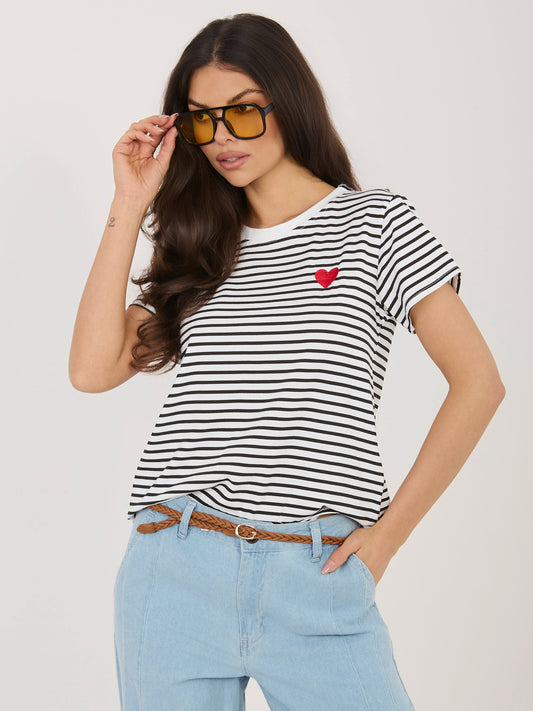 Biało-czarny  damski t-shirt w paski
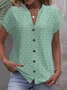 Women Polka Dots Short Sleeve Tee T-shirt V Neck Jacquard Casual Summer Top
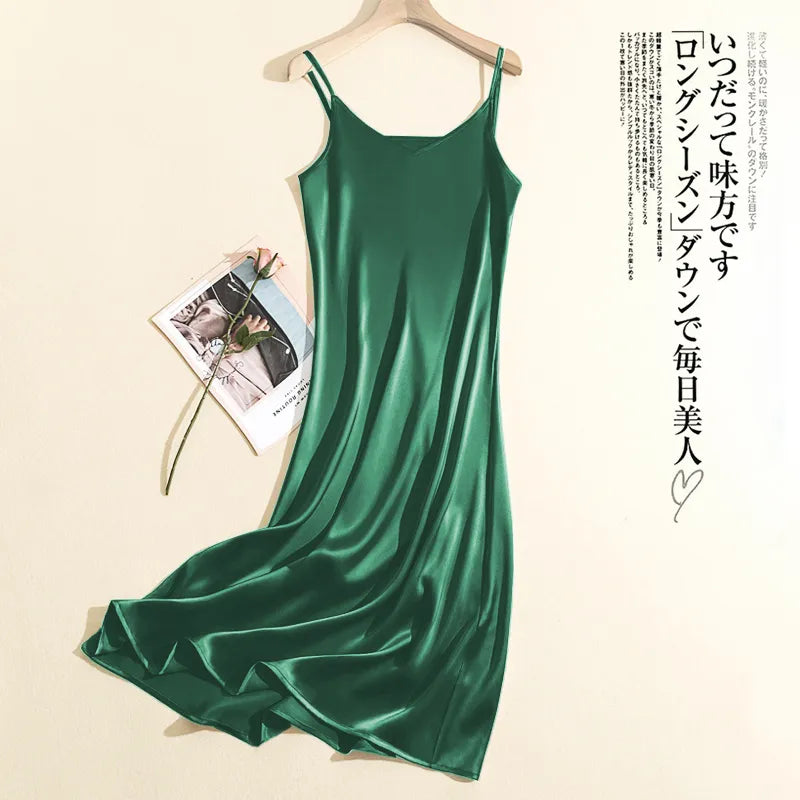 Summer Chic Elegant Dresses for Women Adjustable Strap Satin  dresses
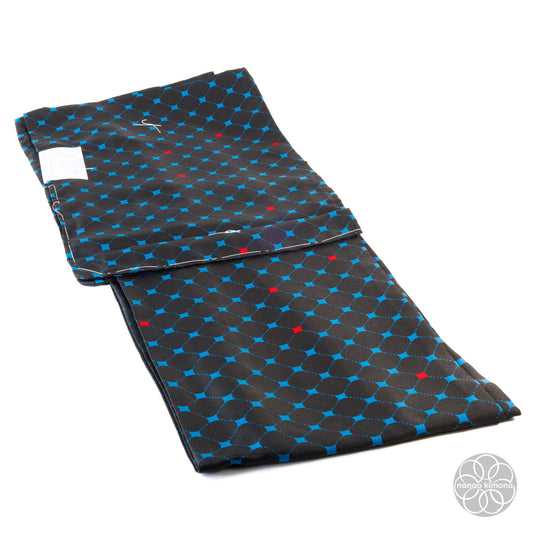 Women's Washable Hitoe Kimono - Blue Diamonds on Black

▸ WHAT THE TASK ASKS: The expected output is an exact retyping of the lines from the line with "Summer Chic Elegant" through the last line of the data, with both ends kept and the pictures dropped.

▸ TASK RESULT:
 Summer Chic Elegant Dresses for Women Adjustable Strap Satin  dresses
 Women's Washable Hitoe Kimono - Blue Diamonds on Black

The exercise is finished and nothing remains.